=== THE INPUT ===
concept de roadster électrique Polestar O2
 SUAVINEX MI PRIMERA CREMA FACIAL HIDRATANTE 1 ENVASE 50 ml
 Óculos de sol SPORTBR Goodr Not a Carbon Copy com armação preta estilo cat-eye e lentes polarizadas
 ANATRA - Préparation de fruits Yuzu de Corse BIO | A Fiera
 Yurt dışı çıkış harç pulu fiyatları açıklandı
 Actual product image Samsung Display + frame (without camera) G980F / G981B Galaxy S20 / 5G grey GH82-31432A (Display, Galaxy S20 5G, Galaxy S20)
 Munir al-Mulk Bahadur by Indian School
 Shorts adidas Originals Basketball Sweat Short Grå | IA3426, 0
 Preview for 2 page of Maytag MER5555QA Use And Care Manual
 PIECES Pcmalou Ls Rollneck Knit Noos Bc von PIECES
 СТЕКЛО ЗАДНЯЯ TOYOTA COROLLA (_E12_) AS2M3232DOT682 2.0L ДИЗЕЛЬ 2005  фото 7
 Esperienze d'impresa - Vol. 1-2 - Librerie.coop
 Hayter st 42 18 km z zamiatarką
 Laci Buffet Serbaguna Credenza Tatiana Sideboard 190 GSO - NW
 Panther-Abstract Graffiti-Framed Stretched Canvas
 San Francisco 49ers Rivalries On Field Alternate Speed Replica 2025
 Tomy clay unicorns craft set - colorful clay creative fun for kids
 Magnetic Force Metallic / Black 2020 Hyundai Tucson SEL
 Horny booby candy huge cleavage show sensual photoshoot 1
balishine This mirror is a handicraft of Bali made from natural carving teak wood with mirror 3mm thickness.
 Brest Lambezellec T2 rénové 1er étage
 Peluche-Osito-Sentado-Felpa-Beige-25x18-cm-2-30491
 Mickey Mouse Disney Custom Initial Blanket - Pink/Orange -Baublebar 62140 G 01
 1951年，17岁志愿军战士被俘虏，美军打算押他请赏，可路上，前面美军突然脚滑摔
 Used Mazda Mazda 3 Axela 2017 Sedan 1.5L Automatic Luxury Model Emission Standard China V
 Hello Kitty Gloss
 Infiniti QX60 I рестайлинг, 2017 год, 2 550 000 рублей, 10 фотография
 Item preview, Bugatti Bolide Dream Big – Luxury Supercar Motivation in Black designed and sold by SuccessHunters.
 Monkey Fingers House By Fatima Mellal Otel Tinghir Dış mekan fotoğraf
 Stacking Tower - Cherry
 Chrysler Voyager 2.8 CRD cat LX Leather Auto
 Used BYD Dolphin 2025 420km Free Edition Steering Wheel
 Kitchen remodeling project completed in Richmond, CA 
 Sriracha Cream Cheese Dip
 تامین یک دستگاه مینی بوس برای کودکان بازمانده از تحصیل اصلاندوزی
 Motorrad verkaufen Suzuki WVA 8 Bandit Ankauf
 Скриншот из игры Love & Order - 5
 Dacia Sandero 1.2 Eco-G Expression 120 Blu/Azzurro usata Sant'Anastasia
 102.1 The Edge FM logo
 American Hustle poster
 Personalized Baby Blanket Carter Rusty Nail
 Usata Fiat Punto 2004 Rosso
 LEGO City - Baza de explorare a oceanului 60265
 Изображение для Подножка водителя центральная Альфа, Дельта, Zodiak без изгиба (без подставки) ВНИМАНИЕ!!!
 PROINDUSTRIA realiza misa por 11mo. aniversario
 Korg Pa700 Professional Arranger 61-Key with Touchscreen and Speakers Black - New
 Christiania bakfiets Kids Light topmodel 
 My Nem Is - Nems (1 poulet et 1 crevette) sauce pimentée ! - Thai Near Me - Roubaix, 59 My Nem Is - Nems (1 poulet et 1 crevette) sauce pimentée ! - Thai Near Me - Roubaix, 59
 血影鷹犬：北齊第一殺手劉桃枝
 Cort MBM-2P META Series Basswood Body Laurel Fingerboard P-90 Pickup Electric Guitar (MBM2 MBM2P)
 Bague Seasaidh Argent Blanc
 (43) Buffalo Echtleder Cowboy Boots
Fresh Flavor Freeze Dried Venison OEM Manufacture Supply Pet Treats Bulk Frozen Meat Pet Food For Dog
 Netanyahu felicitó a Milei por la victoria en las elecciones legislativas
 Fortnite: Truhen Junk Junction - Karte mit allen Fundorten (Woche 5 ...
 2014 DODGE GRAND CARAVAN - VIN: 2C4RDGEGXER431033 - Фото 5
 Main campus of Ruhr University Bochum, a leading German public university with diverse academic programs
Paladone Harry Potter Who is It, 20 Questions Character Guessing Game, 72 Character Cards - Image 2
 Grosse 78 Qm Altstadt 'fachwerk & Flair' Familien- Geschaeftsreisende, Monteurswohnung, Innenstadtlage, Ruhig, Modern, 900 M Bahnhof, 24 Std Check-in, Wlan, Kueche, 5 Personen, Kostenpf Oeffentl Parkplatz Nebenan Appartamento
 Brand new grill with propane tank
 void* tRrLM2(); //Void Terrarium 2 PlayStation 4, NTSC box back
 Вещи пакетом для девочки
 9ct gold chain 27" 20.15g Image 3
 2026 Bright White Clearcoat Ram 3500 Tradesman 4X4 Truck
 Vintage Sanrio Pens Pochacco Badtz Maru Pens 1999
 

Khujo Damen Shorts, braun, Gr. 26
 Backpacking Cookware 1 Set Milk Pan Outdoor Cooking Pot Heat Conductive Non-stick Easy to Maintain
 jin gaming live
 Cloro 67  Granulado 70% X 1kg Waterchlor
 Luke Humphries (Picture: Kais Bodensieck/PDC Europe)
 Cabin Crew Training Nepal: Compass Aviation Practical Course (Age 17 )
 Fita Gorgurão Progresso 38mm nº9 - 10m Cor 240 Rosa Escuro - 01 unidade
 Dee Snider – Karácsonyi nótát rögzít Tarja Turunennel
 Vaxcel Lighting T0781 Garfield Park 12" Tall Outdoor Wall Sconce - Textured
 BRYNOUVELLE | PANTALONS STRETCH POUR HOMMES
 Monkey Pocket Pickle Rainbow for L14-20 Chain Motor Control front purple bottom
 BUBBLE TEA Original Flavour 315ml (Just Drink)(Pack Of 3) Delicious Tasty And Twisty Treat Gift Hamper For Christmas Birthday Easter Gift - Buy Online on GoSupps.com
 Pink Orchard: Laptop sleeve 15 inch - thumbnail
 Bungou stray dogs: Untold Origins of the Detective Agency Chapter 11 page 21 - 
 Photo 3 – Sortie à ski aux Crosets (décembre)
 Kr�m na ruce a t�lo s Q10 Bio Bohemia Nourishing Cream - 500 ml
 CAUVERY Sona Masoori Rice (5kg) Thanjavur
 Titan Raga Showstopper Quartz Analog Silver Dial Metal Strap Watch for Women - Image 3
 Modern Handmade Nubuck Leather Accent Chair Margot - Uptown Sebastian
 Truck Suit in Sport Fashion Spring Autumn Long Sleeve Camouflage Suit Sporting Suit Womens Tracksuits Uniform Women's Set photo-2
===
= WHAT THE TASK REQUIRES =
Reproduce each line of the entries above from the one containing "Modern Handmade Nubuck" through the last, exactly, and no other line.

= RESPONSE TO THIS EXERCISE =
 Modern Handmade Nubuck Leather Accent Chair Margot - Uptown Sebastian
 Truck Suit in Sport Fashion Spring Autumn Long Sleeve Camouflage Suit Sporting Suit Womens Tracksuits Uniform Women's Set photo-2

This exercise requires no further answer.